Le V8 hurle de rage à chaque ré-accélération, et les changements de rapports produisent ce que l’on pourrait appeler vulgairement des « pets » d’échappement, que ce soit en montant ou en rétrogradant, si bien qu’à chaque passage près de mon photographe, je me dis que ça doit être rudement sympa à regarder d’extérieur également ! Mes passages en courbe tout comme mes sorties de virage se font de plus en plus rageurs. Je sens dans le volant et sous mon postérieur les pneumatiques travailler lors de virages serrés tandis que la grande courbe (virage 6) me permet des vitesses de passage de plus en plus élevées, la transmission intégrale remplit son rôle à merveille : la caisse reste inlassablement scotchée au bitume malgré les sollicitations de plus en plus importantes.
Reste toutefois ces mouvements désagréables de l’avant vers l’arrière lorsque je monte un rapport et un train arrière très mobile lors du gros freinage en sortie de courbe 6, je me cramponne au volant anticipant un début de survirage impromptu.

Bilan des 10 premiers tours :
– la taille du circuit m’a permis d’en mémoriser le tracé très rapidement et de me concentrer ainsi sur les sensations de conduite.
– la puissance est bien présente et il m’est impossible (tout comme inutile) de passer une vitesse plus haute que la 4ème.
– ne pas hésiter à « taper dans les freins » bien avant de virer pour freiner la masse conséquente d’un tel engin et éviter un début de survirage qu’il serait bien compliqué à rattraper.

En une phrase, stricte application des bases de pilotage (que je prétends à peine maîtriser) : le placement sur la piste, le freinage anticipé pour un passage en courbe efficace, ré-accélération progressive pour ne pas avoir à lâcher la pédale de droite et profiter ainsi du souffle apporté par le compresseur au monstrueux V8 de 5,0 litres.

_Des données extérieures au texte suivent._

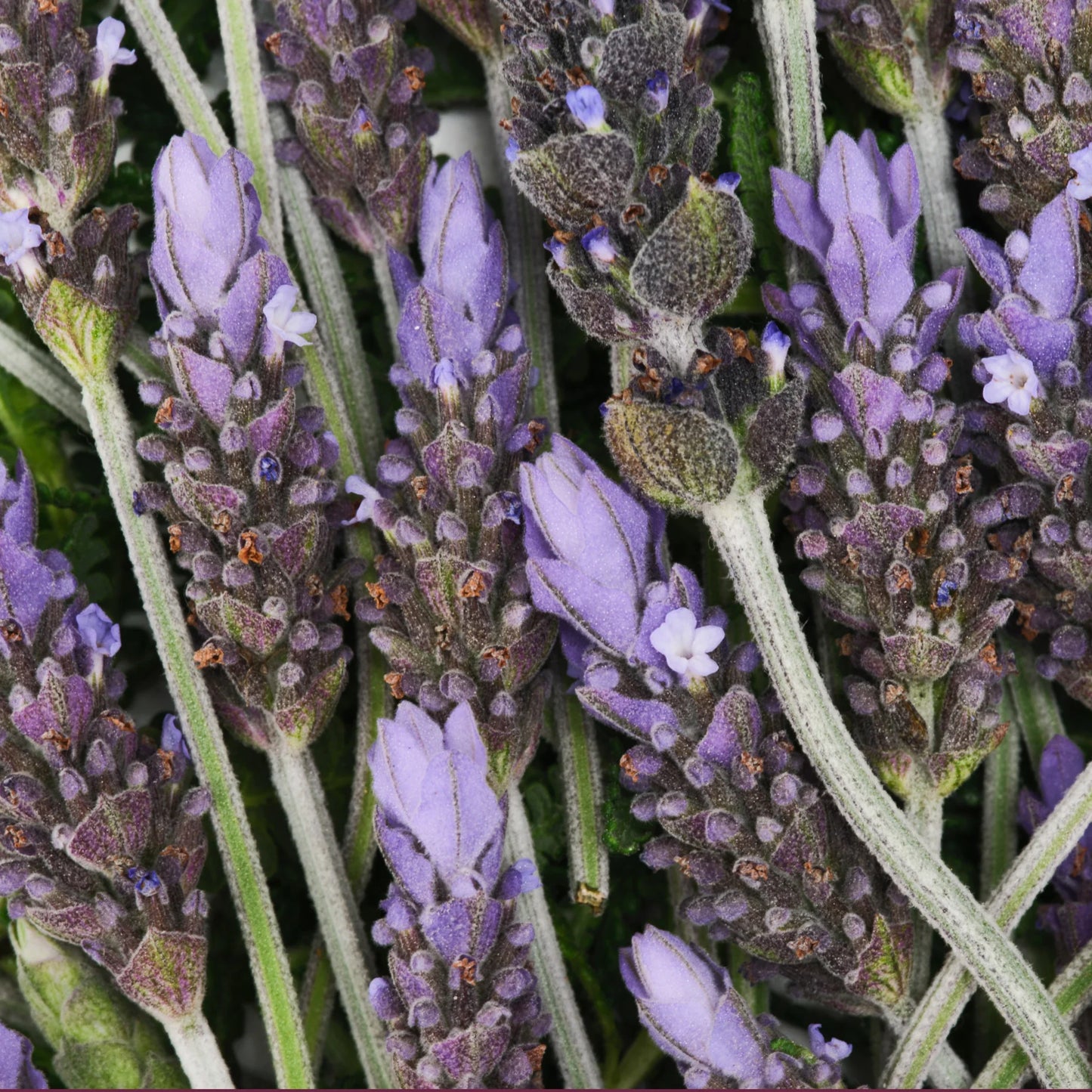 Lavender - Pure-Castile Magic Bar Soap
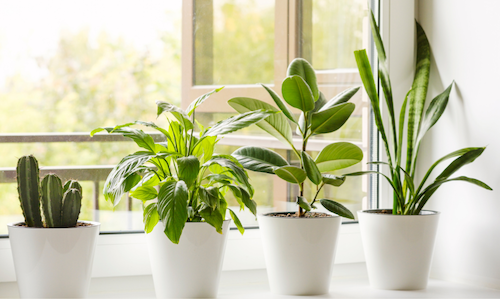 beautiful green plants in a pot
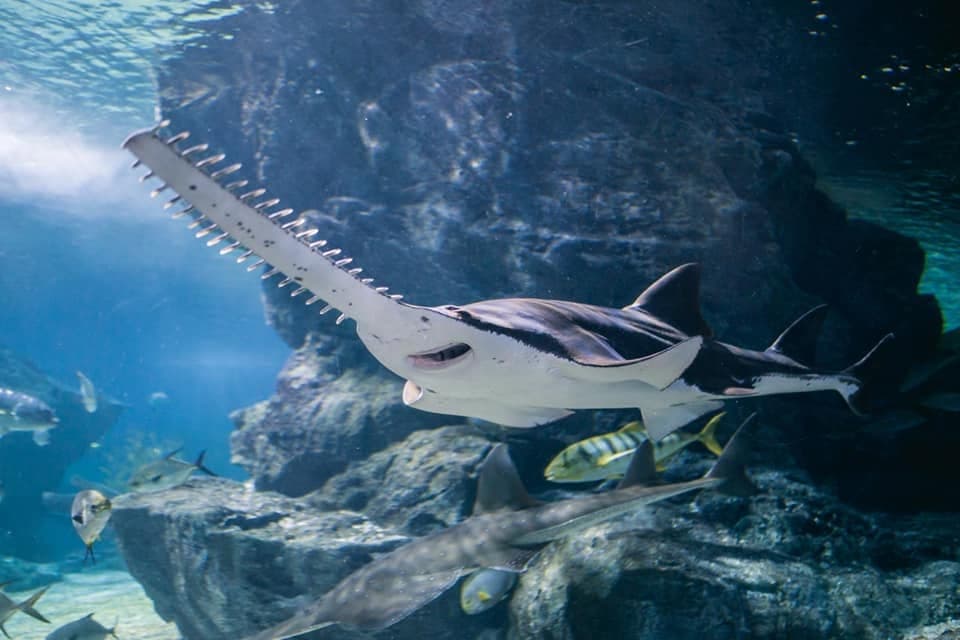 Sea Life Bangkok Ocean World photo 19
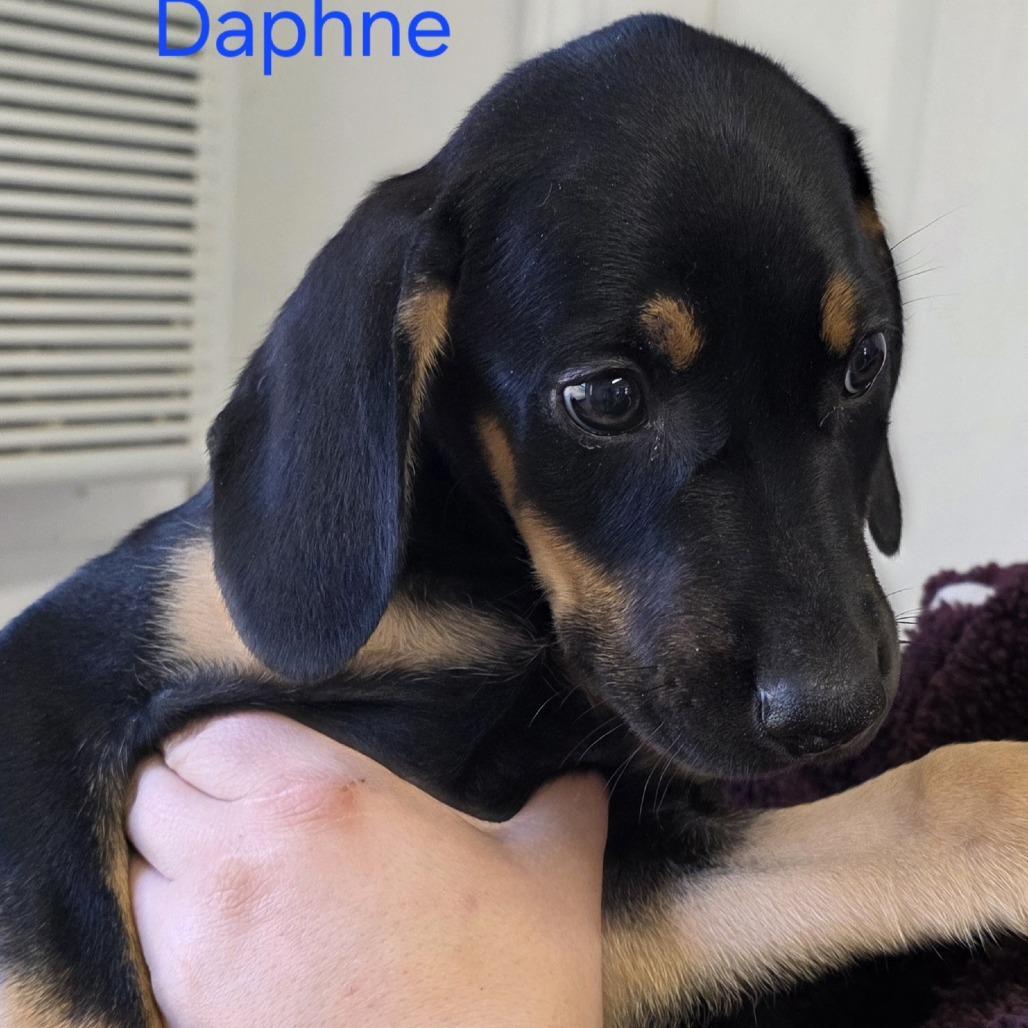 Daphne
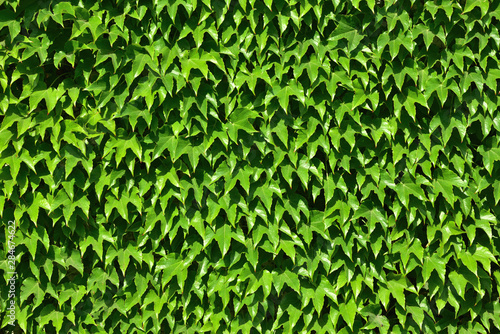 Background and texture of a wild wine overgrown wall with many green leaves in summer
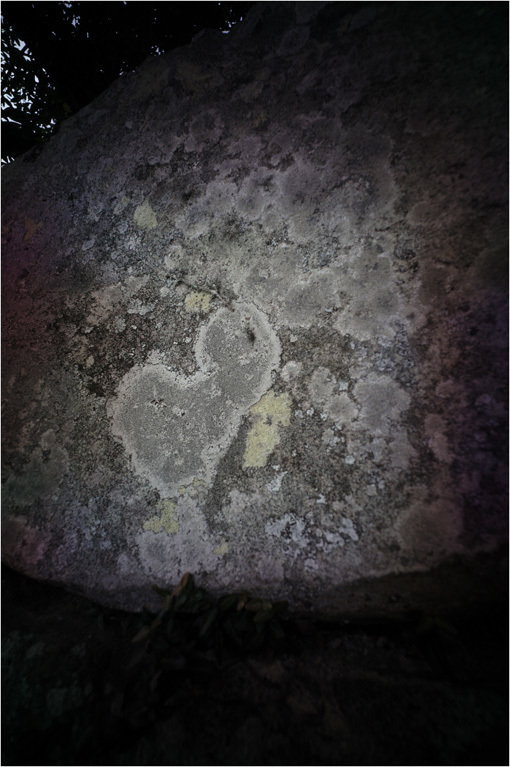 c0168172_23345898.jpg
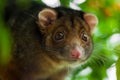 Ringtail Possum Shallow Focus Royalty Free Stock Photo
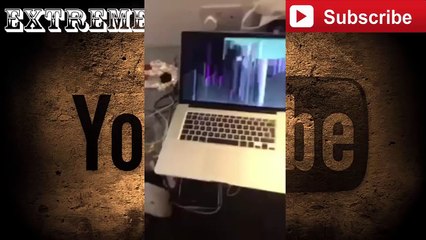 Dude-Doesn't-Play-When-He-Finds-Out-His-Girl-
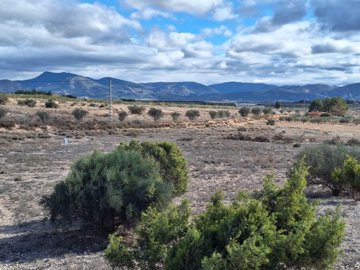 3507beautifulpieceoflandinsalinas270224144950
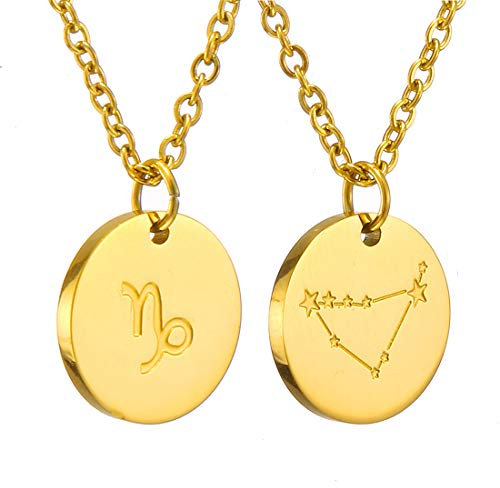AFSTALR Sternzeichen Kette Steinbock Gold für Damen Horoskop Kette Mutter Tochter Freunde Geburtstagsgeschenk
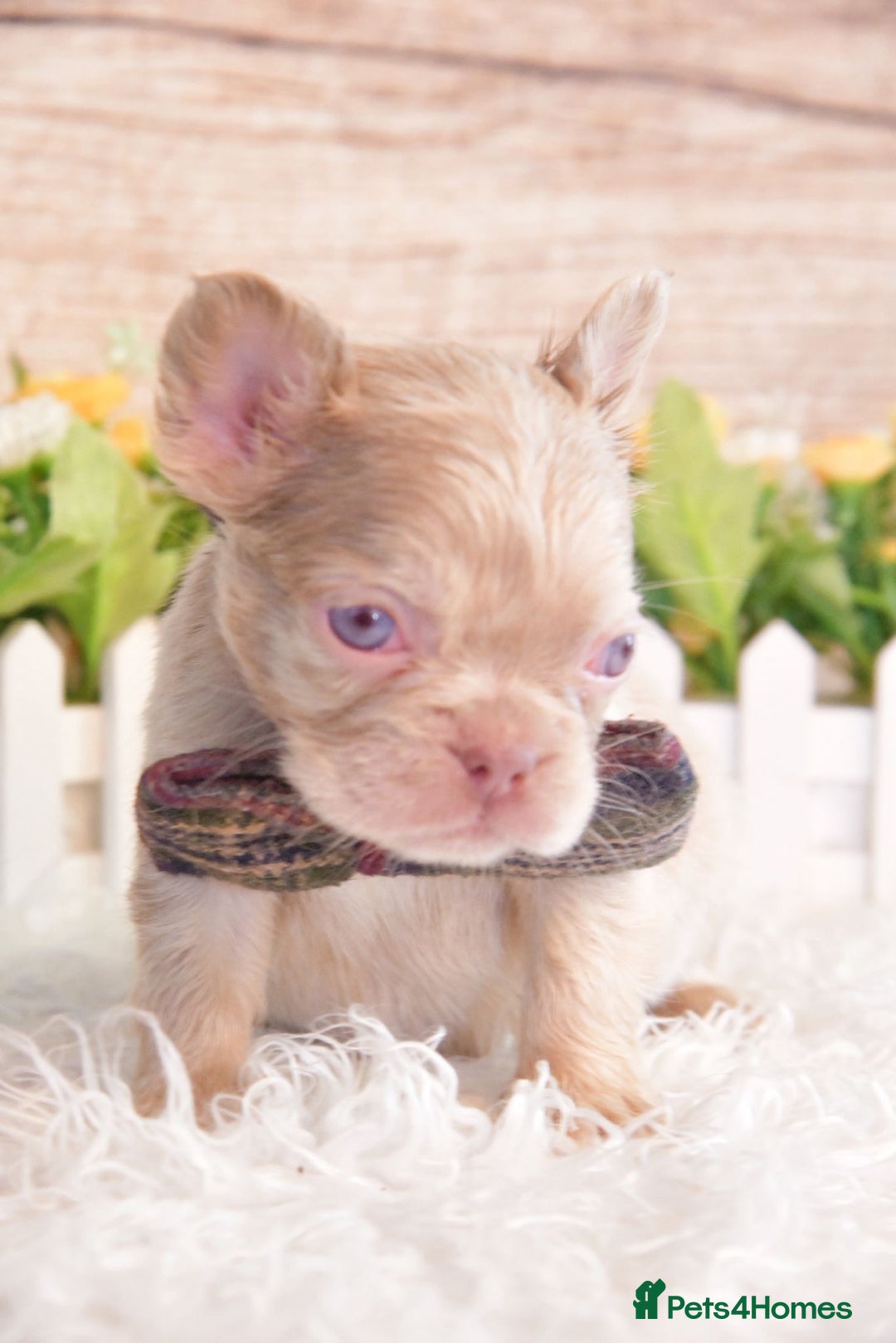 French Bulldog dogs for sale: Kc registered new shade french bulldogs - Image 4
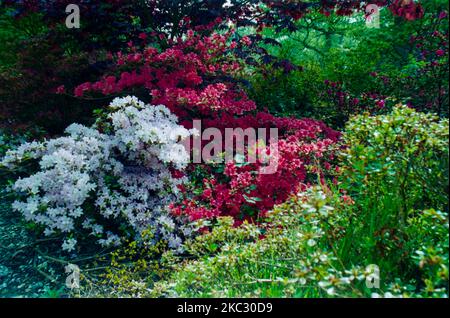 Exbury Gardens in the New Forest,  shot on film in the 1990s. Stock Photo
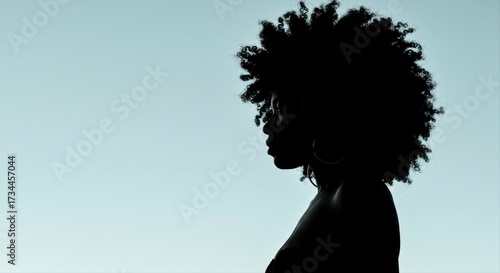Striking silhouette of a woman with afro hair against a gradient sky background
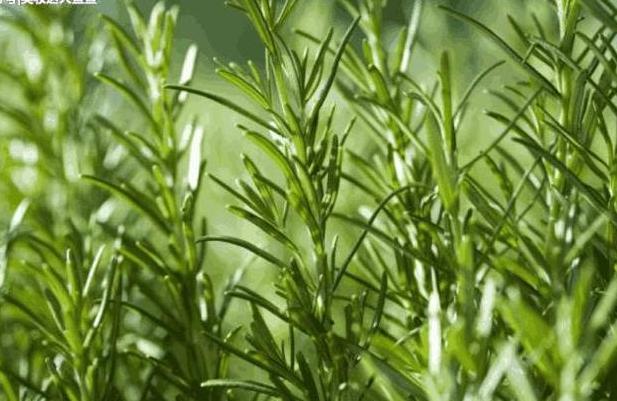 毛孔粗成坑到处都是洞,每天睡前坚持1件事,紧缩毛孔又小又细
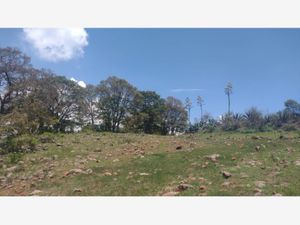 Terreno en Venta en Loma Linda Amealco de Bonfil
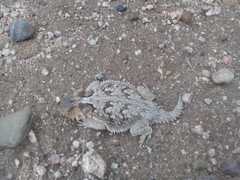 Phrynosoma coronatum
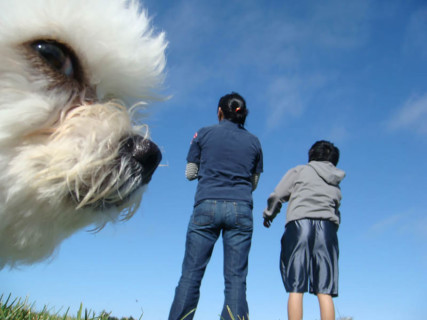 28 Animali Photobomber Che Rovineranno le Vostre Foto Ricordo 28 Animali Photobomber Che Rovineranno le Vostre Foto Ricordo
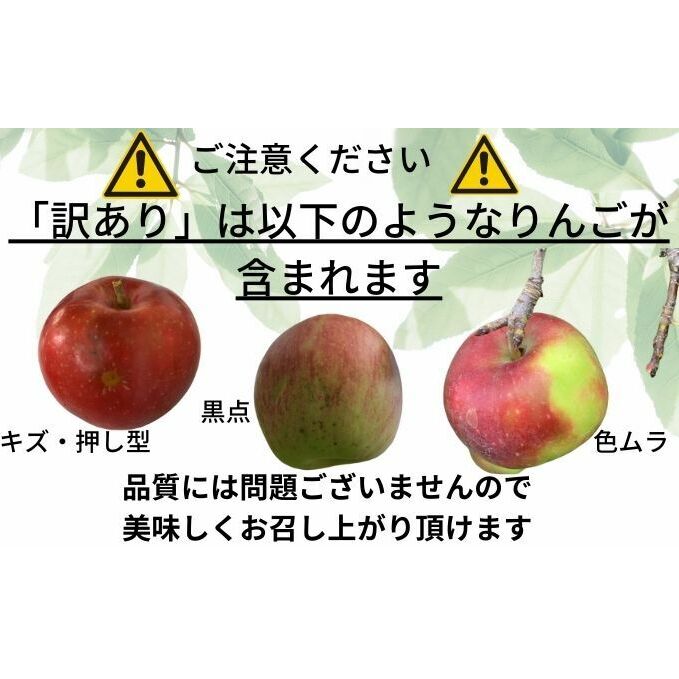 りんご 【1～2月発送】 訳あり 家庭用 百年木の香 三上農園 サンふじ 王林 ギフトセット 【 弘前市産 青森りんご  果物類 林檎 リンゴ 飲料類 果汁飲料  】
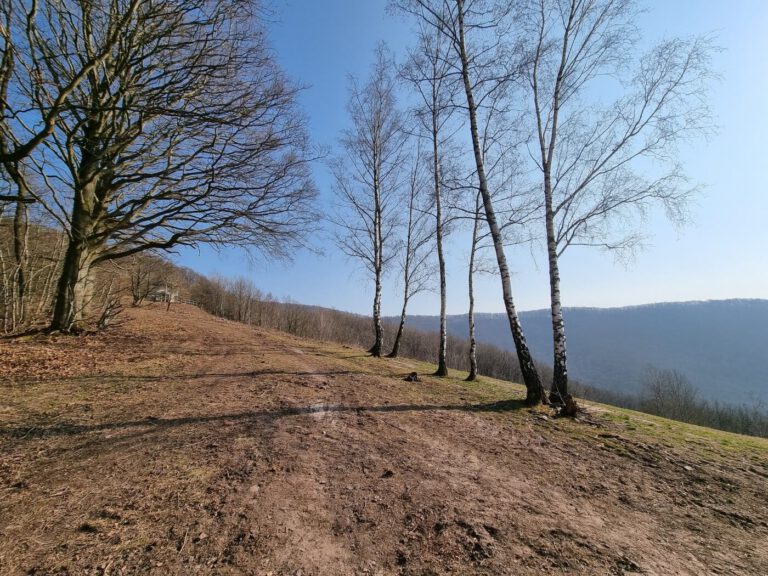 Wanderung Teufelskanzel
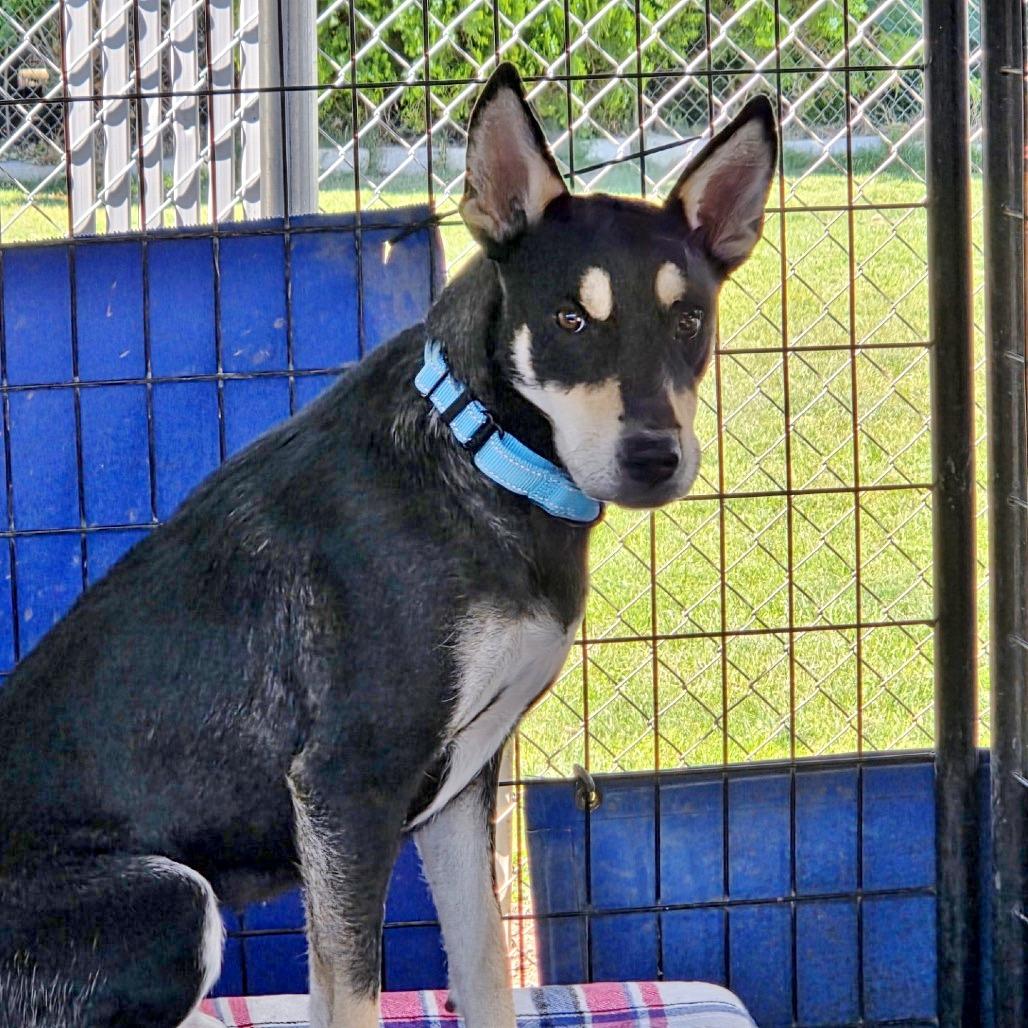 Kris, Adoptable, Adult Female Mixed Breed.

Vous en reprendrez bien encore un peu ?

J’hésite, j’analyse, me re-questionne et après mûre réflexion décide de désactiver l’ESP. Bien qu’habitué au comportement d’une propulsion, je me demande bien comment va réagir une transmission intégrale à l’ESP désactivé.
En un mot ? Pareil.
Les 4 roues motrices ne sont présentes que pour éviter à la voiture de patiner continuellement à chaque pression sur l’accélérateur.
Et après 3 ou 4dangereux travers, je repense ma manière d’aborder la voiture et éviter ainsi une triste fin de cette belle matinée ensoleillée. La voiture sans ESP donne l’impression de ruer à chaque virage pour m’éjecter de ses entrailles ou mieux encore, m’assommer contre l’arche de portière. Je ne suis qu’un débutant et si je veux survirer, il va falloir la jouer finement.
Exit les gros coups de volant en sortie de courbe, je suis plus concentré que jamais afin de sentir le point de non-retour où le fameux coup de raquette devient inévitable. Après plusieurs essais, j’accélère également de manière linéaire en passant mes rapports à 4000 trs/min tout rond. Je profite pleinement de l’allonge du moteur et obtient une accélération en ligne droite tout simplement parfaite, sans un seul à-coup désagréable ou hurlement rageur et disproportionné au moment du changement de rapport, le passage de 2 en 3 et de 3 en 4 n’émet qu’un net mais bien audible « brooop », comme un félin qui lâcherait un grognement de satisfaction.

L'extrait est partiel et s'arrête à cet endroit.